De vluchtelingen vertellen dat ze het slachtoffer zijn geweest van agressie, ontvoering, verkrachting, overvallen en bedreigingen door Centraal-Afrikaanse gewapende groeperingen. Ondanks de gruwelijke verhalen keren sommige vluchtelingen, gedreven door hun hongergevoel, echter terug naar de CAR, op zoek naar voedsel.

Bestaansmiddelen vinden

Het leven hier is moeilijk. We hebben geen veld om te bewerken en geen geld om basisbenodigdheden te kopen. Thuis in de CAR kon ik tenminste nog in het veld werken. Hier heb ik niets,” vertelt de 73-jarige Anne Kabo, een vluchtelinge die sinds mei met haar gezin in de DRC verblijft. “Soms werk ik een dag voor de lokale bevolking en dan krijg ik in ruil maniokbladeren om mijn gezin eten te geven. We eten wat we kunnen, maar meestal eten we maniokbladeren. Soms hebben we een of twee dagen geen eten.

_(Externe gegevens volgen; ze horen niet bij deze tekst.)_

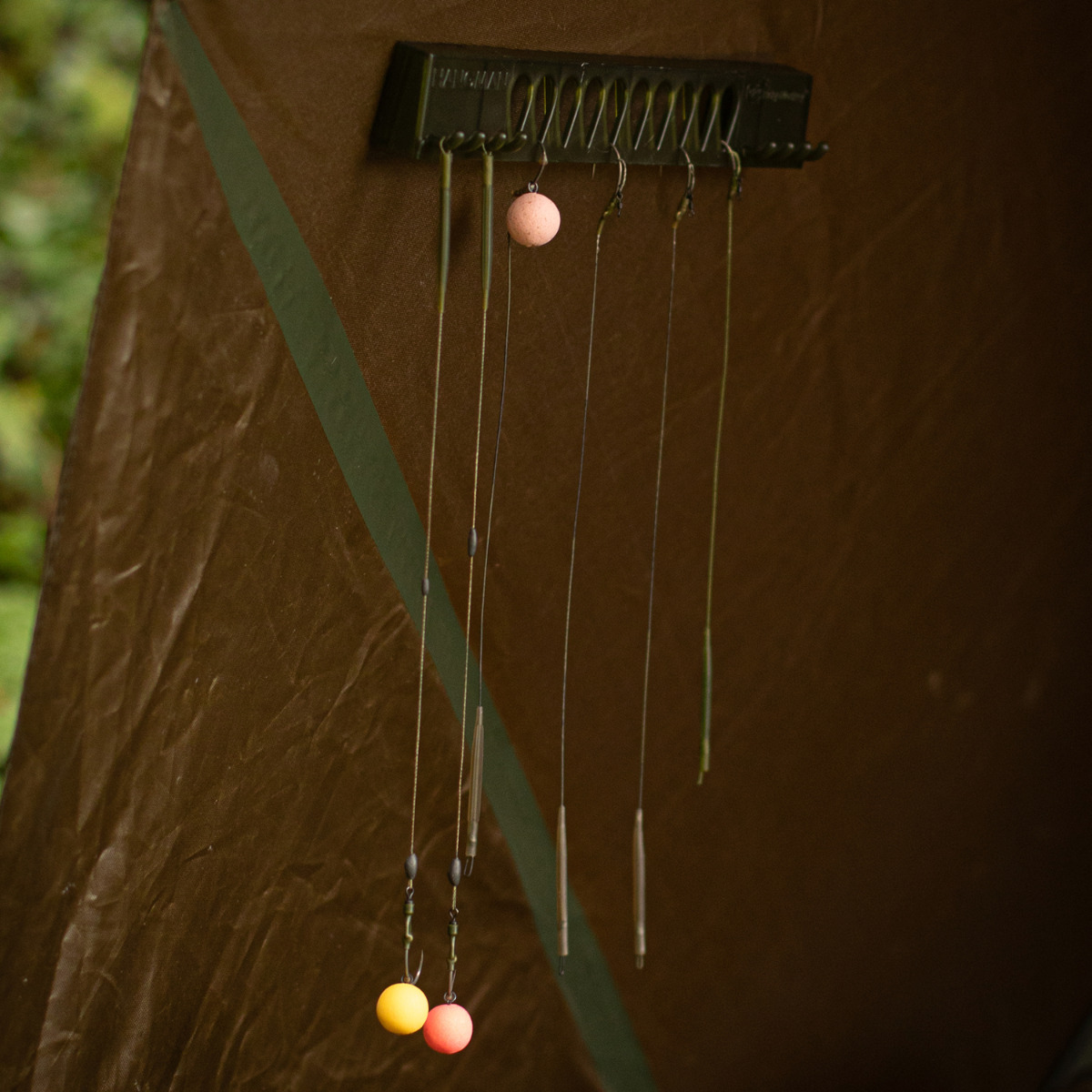 RidgeMonkey Hangman Rig Rack in Use  4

Het probleem van proper water

Hygiëne en de toegang tot drinkbaar water zijn ook grote uitdagingen in het gebied. Er is geen enkele bron met drinkbaar water en de hygiëne laat te wensen over, vooral in tijdelijke kampen waar een deel van de vluchtelingen woont. De bevolking haalt water uit de rivier, wat de verspreiding van watergedragen ziekten in de hand werkt.

In zulke omstandigheden is de verspreiding van ziekten haast onvermijdelijk. Vorige week was er een vermoedelijk geval van buiktyfus in een van de tijdelijke kampen waar de vluchtelingen verblijven. Het was een jongen van 12 jaar. Zijn familie heeft zijn lichaam net naast hun hut begraven,” vertelt Nathalie Gielen.

De vluchtelingen verplaatsen

Vanaf eind februari zouden de vluchtelingen moeten verhuizen naar een kamp vlak bij Bili, op zo'n 60 km ten zuiden van de rivier. De verplaatsing van duizenden vluchtelingen zou echter wel eens weken in beslag kunnen nemen. En intussen blijven de humanitaire behoeften van de vluchtelingen en de bevolking die hen opvangt enorm groot.

Hoewel heel wat vluchtelingen nog maar net in het gebied zijn aangekomen, leeft een groot deel van hen al maanden in dergelijke omstandigheden. Niet alleen de vluchtelingen, maar ook de bevolking bij wie ze terecht kunnen, hebben het heel moeilijk om eten en drinken te vinden. Ondervoeding is in het gebied dus niet nieuw,” aldus Nathalie Gielen. “Er moet meer humanitaire hulp komen – in het bijzonder wat betreft water, hygiëne en voeding – tot er een duurzamer oplossing gevonden wordt.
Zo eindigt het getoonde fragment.